You are viewing a plain text version of this content. The canonical link for it is here.
Posted to users@tapestry.apache.org by Foror <fo...@mail.ru> on 2007/07/07 11:37:31 UTC

Russian symbols problems

I'm using message properties files in UTF-8 with russian symbols, for
T4 it's work, but T5 it's not work - russian symbols is damaged

Also problem with @ApplicationState, after save state and back to form,
russian as well is damaged


---------------------------------------------------------------------
To unsubscribe, e-mail: users-unsubscribe@tapestry.apache.org
For additional commands, e-mail: users-help@tapestry.apache.org


Re: Russian symbols problems

Posted by Ulrich Stärk <ul...@spielviel.de>.
Have you tried this:

http://wiki.apache.org/tapestry/Tapestry5Utf8Encoding

This will ensure that pages served by Tapestry are UTF8 encoded. For me 
this was enough to make T5 serve German UTF8 characters correctly.

Uli

Foror schrieb:
> I'm using message properties files in UTF-8 with russian symbols, for
> T4 it's work, but T5 it's not work - russian symbols is damaged
> 
> Also problem with @ApplicationState, after save state and back to form,
> russian as well is damaged
> 
> 
> ---------------------------------------------------------------------
> To unsubscribe, e-mail: users-unsubscribe@tapestry.apache.org
> For additional commands, e-mail: users-help@tapestry.apache.org
> 

---------------------------------------------------------------------
To unsubscribe, e-mail: users-unsubscribe@tapestry.apache.org
For additional commands, e-mail: users-help@tapestry.apache.org


Re: Russian symbols problems

Posted by Steven Coco <co...@stevencoco.com>.
Hi.

I may have missed the original question a little. I should probably have a 
look at the source at this point.

First, is this about Tapestry 5 or an earlier version? I was assuming this was 
about T5: if not I don't think anything I've said applies!

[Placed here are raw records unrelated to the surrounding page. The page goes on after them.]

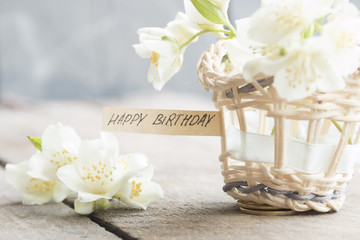 Obraz na płótnie Canvas happy birthday text and flowers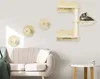 A cat tree and wall-mounted cat shelves are displayed on a wall above a sofa in a living room. Náhled obrázku produktu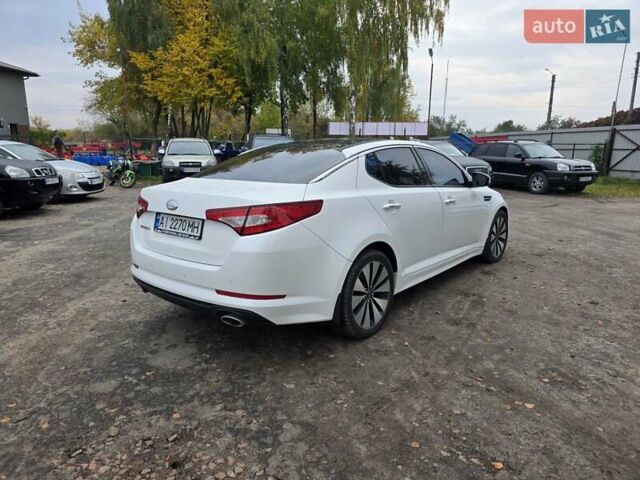 Белый Киа Оптима, объемом двигателя 2.36 л и пробегом 207 тыс. км за 8900 $, фото 4 на Automoto.ua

I do understand Java's character handling. I, for some reason that I don't see 
in the message now, thought you were specifically talking about .properties 
files. What I brought up is that, first, if you are specifically using either 
ResourceBundle, or Properties directly, then Java does in fact pin those 
files at ISO 8859-1, regardless of the platform encoding: see the 
documentation for util.Properties. And note that this applies to reading 
local files only.

But the T5 documentation said somewhere -- and now I can't find that 
either! -- that T5 supported storing the .properties files in the platform
encoding. So assuming those things, my question was about how T5 enabled that 
feature: whether you could use the native encoding only if you were loading 
messages with T5's Messages class; or if T5 injected some 
ResourceBundle.Control, or other feature, that switched the .properties file 
encoding globally, so any PropertiesResourceBundle or Properties you loaded 
would use the native encoding.

So specifically:

> This means that whe resource bundle is loaded it needs to convert
> bytes in the file to the characters. By default JVM is using platform
> encoding when loading files, but you can override this settings by
> specifying
>
> -Dfile.encoding=utf8

The file encoding does apply to default Readers and Writers, but specifically, 
it does not apply to Properties and ResourceBundles, and so this would imply 
that T5 does do something to enable this. But, maybe you weren't even talking 
about .properties files all along? Maybe you meant other local files in 
general and not specifically message bundles.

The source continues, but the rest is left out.